> _Activity_:
Leave the pictures out, and transcribe the material below exactly from the line with "东北白甜糯玉米真空包装新玉米粘糯新鲜玉米棒苞米非即食现摘" to the line with "Bonsai termahal Indonesia", both lines included.

[Records for the task Boundary: Start]

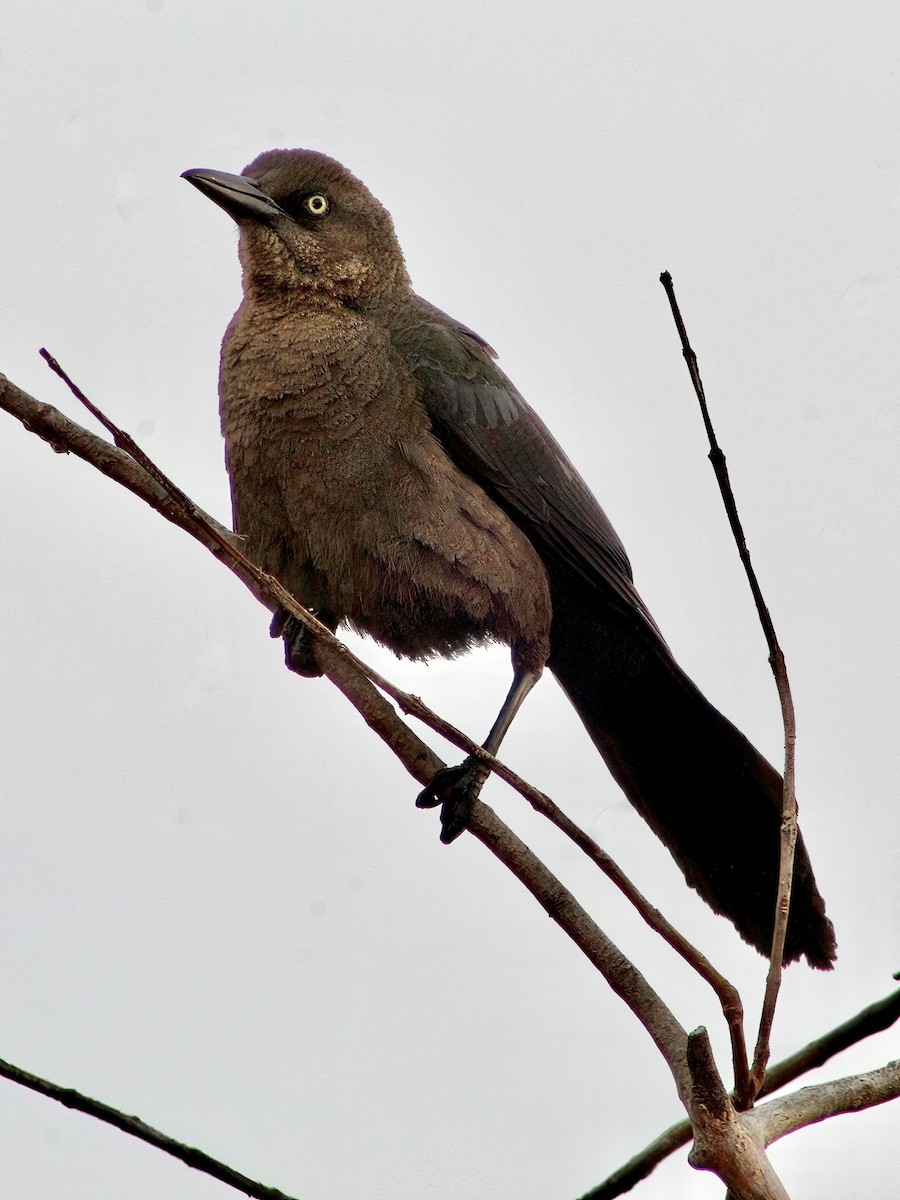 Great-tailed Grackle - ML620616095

[Records for the task Boundary: End]
[Records for the task Boundary: Start]

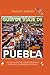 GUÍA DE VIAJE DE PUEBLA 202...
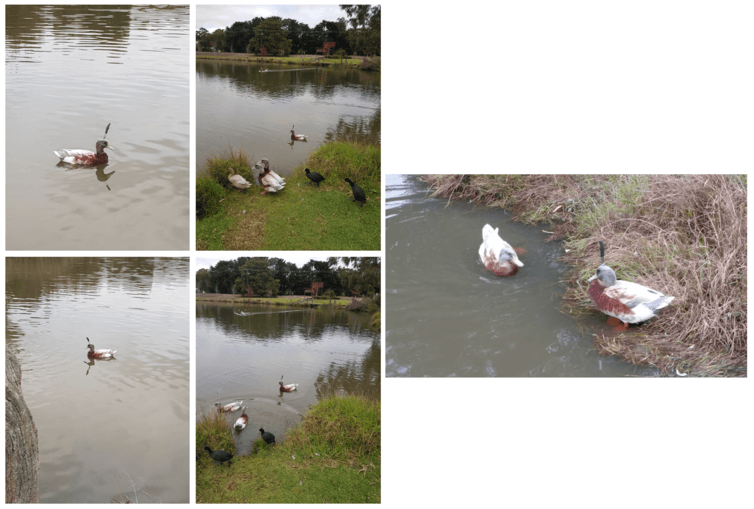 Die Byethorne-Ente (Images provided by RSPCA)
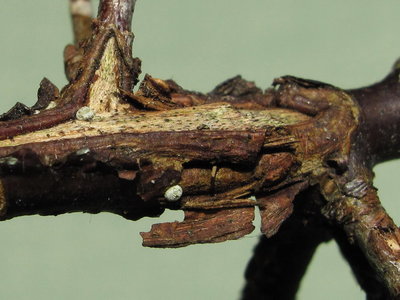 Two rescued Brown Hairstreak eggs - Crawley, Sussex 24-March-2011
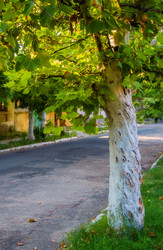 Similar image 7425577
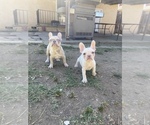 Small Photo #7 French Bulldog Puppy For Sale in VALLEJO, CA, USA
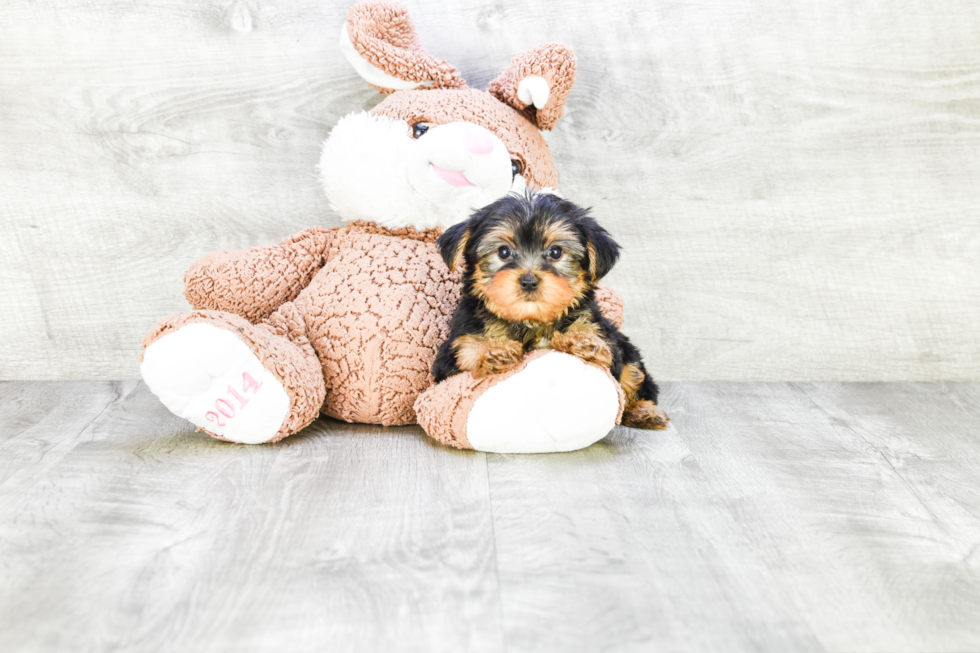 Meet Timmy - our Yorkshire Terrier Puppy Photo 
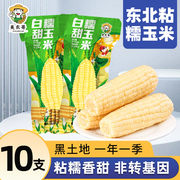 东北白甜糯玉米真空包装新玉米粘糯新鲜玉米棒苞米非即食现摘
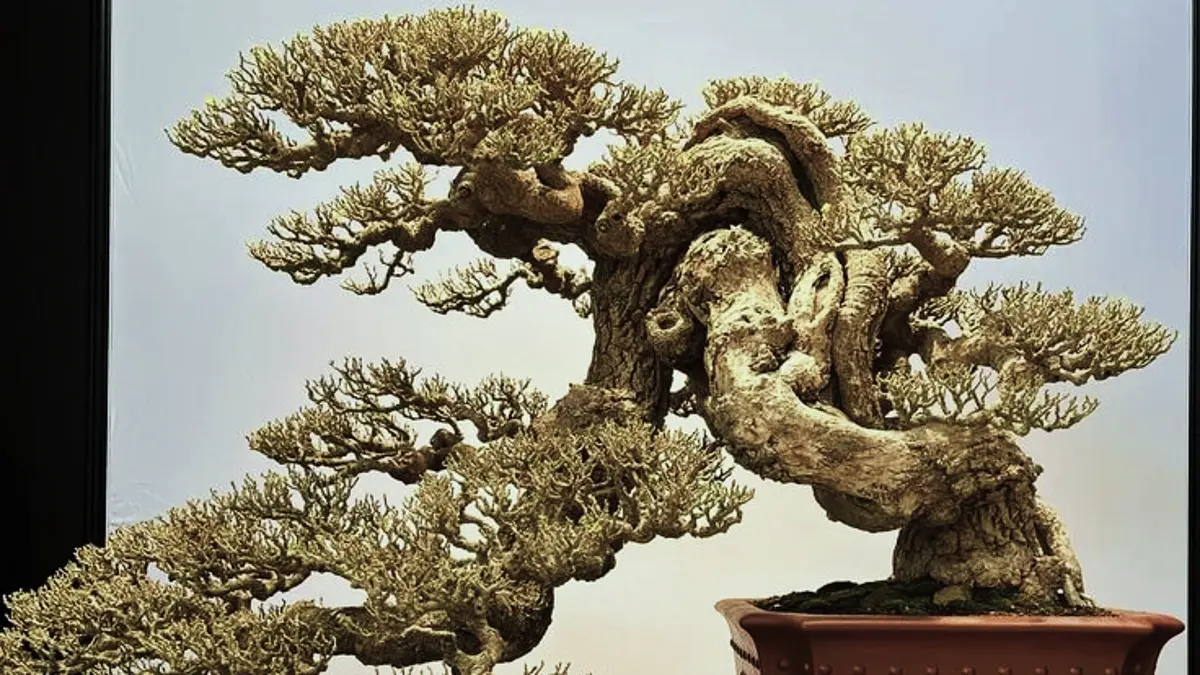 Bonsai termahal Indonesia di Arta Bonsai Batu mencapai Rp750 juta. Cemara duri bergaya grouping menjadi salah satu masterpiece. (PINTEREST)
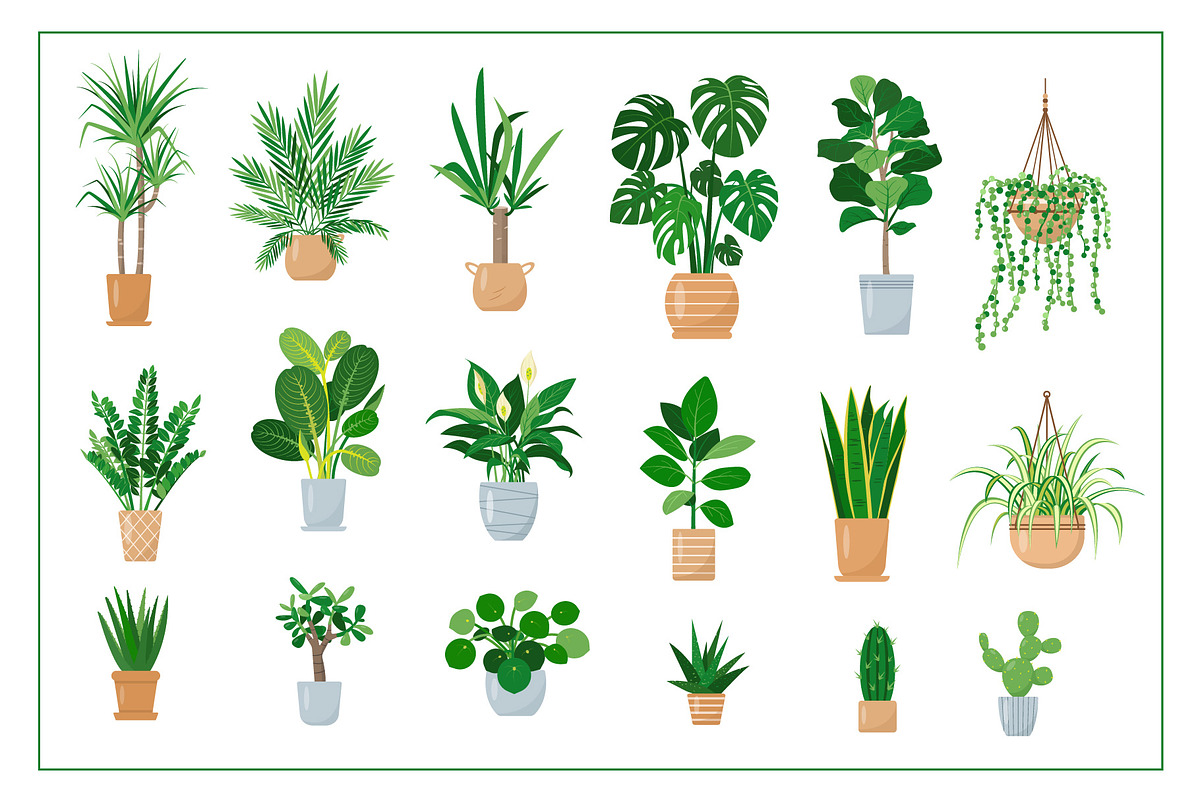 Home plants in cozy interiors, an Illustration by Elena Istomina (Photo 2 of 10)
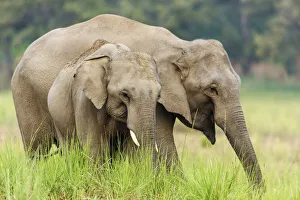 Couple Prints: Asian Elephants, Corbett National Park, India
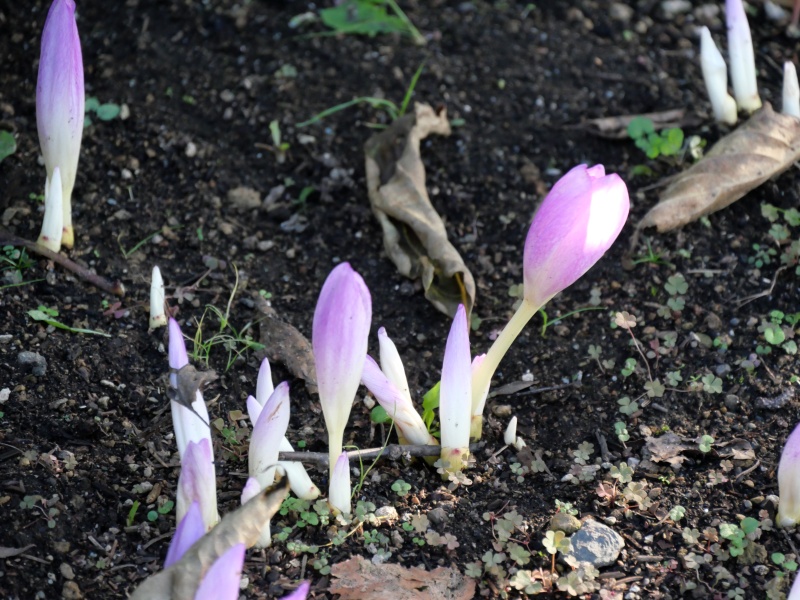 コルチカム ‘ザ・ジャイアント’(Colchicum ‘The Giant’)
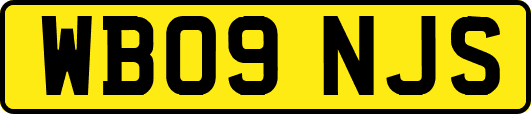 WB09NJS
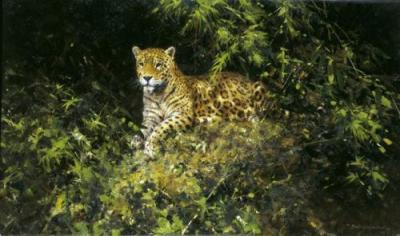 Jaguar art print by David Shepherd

[Records for the task Boundary: End]

> _Solution_:
 东北白甜糯玉米真空包装新玉米粘糯新鲜玉米棒苞米非即食现摘
 Bonsai termahal Indonesia di Arta Bonsai Batu mencapai Rp750 juta. Cemara duri bergaya grouping menjadi salah satu masterpiece. (PINTEREST)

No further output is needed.